The 18th century composer Gluck is not too far away as is 20th century American composer Philip Glass and woven in is the very contemporary beat box/rap French trio, La Secte Phonétik. The video projections are seamlessly incorporated in the story told by singers and dancers: an acrobat on stilts moves gracefully alongside a ballerina while a one legged hip hop dancer whirls around deliriously.
One very modern aspect of this Orphée resides in its astute way of introducing and mixing African sounds and ballet with Western dance forms and classical musical genre. This is illustrated in a scene where an African artist, Merlin Nyakam sings a lullaby from his native Cameroon accompanied by a theorbo, a 16th century string instrument from Italy.

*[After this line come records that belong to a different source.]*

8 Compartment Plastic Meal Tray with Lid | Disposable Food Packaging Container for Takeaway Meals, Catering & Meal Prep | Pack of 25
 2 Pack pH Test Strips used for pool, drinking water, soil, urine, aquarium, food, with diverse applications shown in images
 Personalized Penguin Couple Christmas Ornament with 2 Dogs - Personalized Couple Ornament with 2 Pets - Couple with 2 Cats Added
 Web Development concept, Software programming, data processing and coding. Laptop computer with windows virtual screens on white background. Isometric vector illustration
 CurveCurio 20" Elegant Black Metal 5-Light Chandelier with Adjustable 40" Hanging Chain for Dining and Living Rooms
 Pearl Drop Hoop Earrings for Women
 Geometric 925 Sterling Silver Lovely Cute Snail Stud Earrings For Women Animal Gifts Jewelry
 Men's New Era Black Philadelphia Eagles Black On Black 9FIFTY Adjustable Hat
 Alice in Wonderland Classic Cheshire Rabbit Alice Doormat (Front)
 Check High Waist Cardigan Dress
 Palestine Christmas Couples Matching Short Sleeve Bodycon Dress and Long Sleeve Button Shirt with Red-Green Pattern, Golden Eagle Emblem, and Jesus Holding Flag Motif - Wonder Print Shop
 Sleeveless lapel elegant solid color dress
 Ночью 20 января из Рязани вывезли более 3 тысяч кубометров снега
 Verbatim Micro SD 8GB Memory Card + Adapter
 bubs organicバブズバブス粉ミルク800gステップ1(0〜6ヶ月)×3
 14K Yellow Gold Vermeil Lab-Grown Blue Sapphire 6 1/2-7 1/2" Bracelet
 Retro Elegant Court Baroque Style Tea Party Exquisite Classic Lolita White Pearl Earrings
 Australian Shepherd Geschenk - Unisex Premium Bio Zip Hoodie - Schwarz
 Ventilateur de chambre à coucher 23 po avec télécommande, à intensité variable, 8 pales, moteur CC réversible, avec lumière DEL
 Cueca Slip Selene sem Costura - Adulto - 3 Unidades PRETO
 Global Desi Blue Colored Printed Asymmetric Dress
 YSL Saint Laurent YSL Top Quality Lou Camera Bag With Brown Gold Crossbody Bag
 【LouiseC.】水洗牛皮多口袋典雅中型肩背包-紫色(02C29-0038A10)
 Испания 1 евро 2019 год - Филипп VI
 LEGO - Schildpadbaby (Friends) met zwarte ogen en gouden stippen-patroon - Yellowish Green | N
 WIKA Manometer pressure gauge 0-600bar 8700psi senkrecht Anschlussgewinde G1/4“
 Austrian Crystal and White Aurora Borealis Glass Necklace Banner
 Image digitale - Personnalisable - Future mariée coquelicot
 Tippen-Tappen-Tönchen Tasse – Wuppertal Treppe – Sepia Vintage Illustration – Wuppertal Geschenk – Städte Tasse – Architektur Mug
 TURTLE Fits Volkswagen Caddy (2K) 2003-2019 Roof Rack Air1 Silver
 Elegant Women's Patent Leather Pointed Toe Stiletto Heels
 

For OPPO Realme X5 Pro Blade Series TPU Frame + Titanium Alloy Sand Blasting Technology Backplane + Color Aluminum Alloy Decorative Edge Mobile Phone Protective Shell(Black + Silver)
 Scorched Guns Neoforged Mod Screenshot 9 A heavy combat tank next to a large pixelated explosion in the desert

“I bring my ‘Africaness’ to the play, modern and classical," says Merlin Nyakam who is a former lead dancer of the Ballet National du Cameroun; he has been working with José Montalvo and Dominique Hervieu since 1997. He’s known fellow dancer/singer Sabine Novel for that long. Together they share a close relationship on stage. Merlin Nyakam says of Sabine Novel that “she is very African in the way she expresses herself while dancing”.
French artist Sabine Novel agrees: “There’s an energy in [African] dance and music that makes me feel rooted, like I belong to the earth.”
While carrying out a fusion working session with the classical Western singers of the group, Merlin Nyakam found that they couldn’t easily improvise on African music.
“At first, it was hard for them to move over to a tempo and sounds they are not used to but then it became a game," says Nyakam. Both Novel and Nyakam share the idea that tradition constitutes solid roots for you to reach out and explore new horizons. “My tradition is what my ancestors transmitted to me and ancestors are important because if it were not for them, I wouldn’t exist. However, I live in the modern world and there is this space between tradition and modernity which is the space for artistic creation,” says Merlin Nyakam. And Sabine Novel to conclude: “We are the bridge between tradition and modernity”.